- Born: Noreen Margaret Collins 6 September 1925 Hampstead, London, United Kingdom
- Died: 30 March 2017 (aged 91) Hammersmith, London, United Kingdom
- Education: Birmingham University
- Occupations: Barrister; Judge;

= Nina Lowry =

British barrister and judge

Noreen Margaret Lowry (6 September 1925 – 30 March 2017) was a British barrister and judge at the Old Bailey, where she was the first permanent female judge.

== Early life ==
Noreen Margaret Collins was born on 6 September 1925 at 82 Adelaide Road in Hampstead, London. Noreen was the eldest daughter of John Edmund Collins (1895–1971), a paint salesman, and Hilda Grace (1901–1984).

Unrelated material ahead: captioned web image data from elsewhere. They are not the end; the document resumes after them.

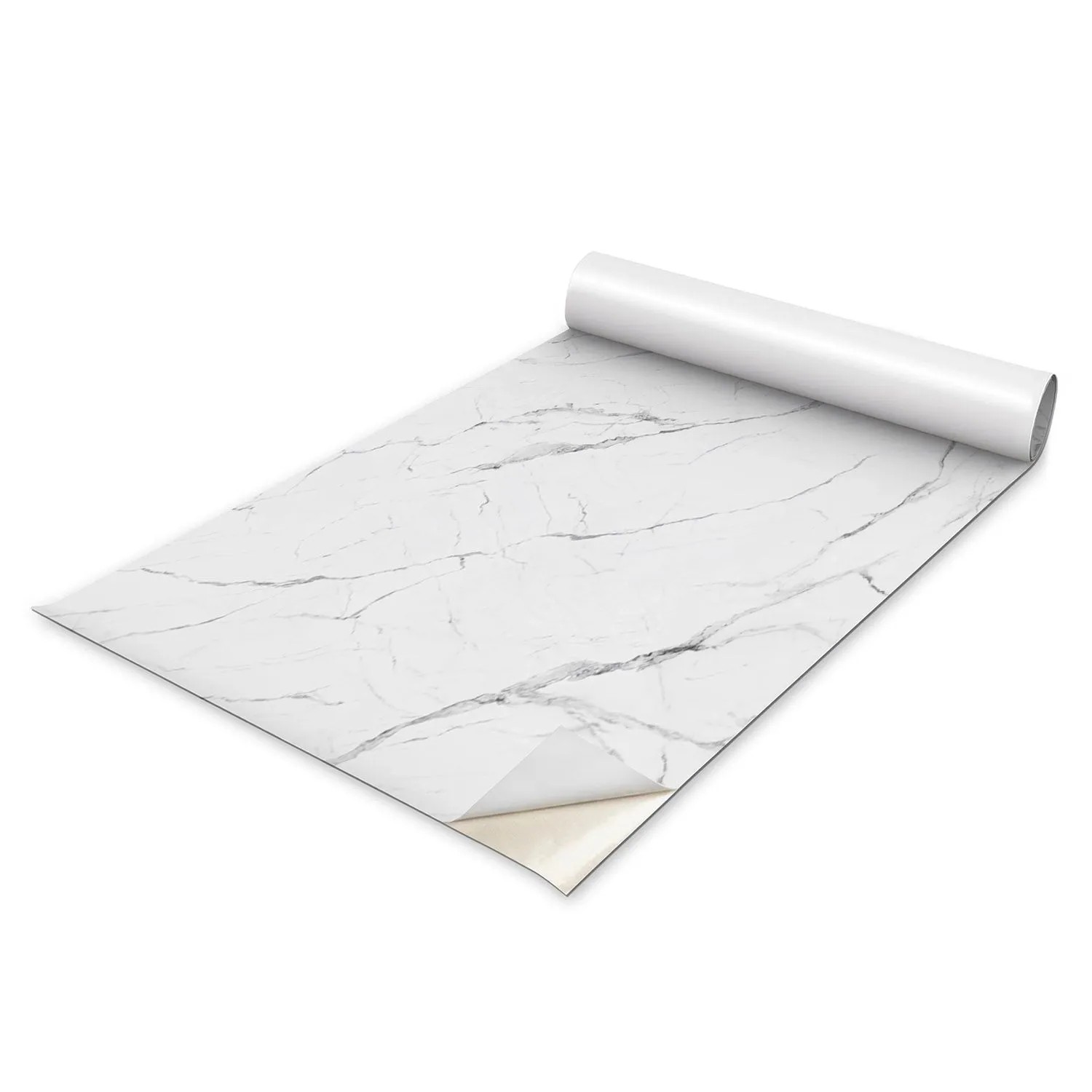 Tulup Möbelfolie Marmoradern Möbel Klebefolie 50x100 cm Weiß Klebefolie Für Schränke Möbel Folie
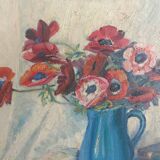 Still life, oil on canvas signed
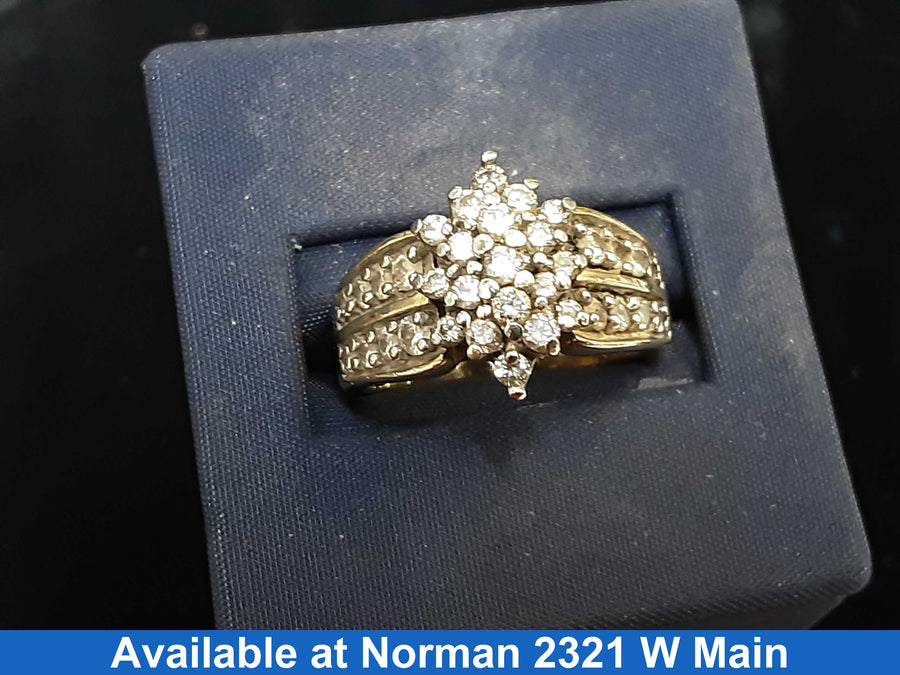Women's Ring - Yellow Gold 10k (.417) 6 grams Size 8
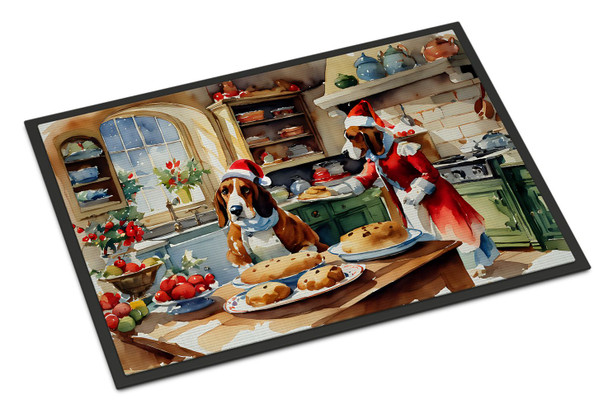 Basset Hound Christmas Cookies Doormat 24H X 36W DAC3722 product image at NuMercy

Collins was educated at Bedford High School, a private school for girls aged 7 to 18 in Bedford, England. Collins was awarded a place at Lady Margaret Hall, Oxford, but wartime regulations prevented her from taking up the offer. Collins instead read law at the University of Birmingham.

== Personal life ==
Collins married Edward Lucas Gardner (1912–2001), a barrister and recorder, in 1950. They had a son and also a daughter, the writer Sally Gardner. Noreen's marriage to Gardner was dissolved in 1962. Noreen married Richard John Lowry (1924–2001), a barrister, on 24 April 1963.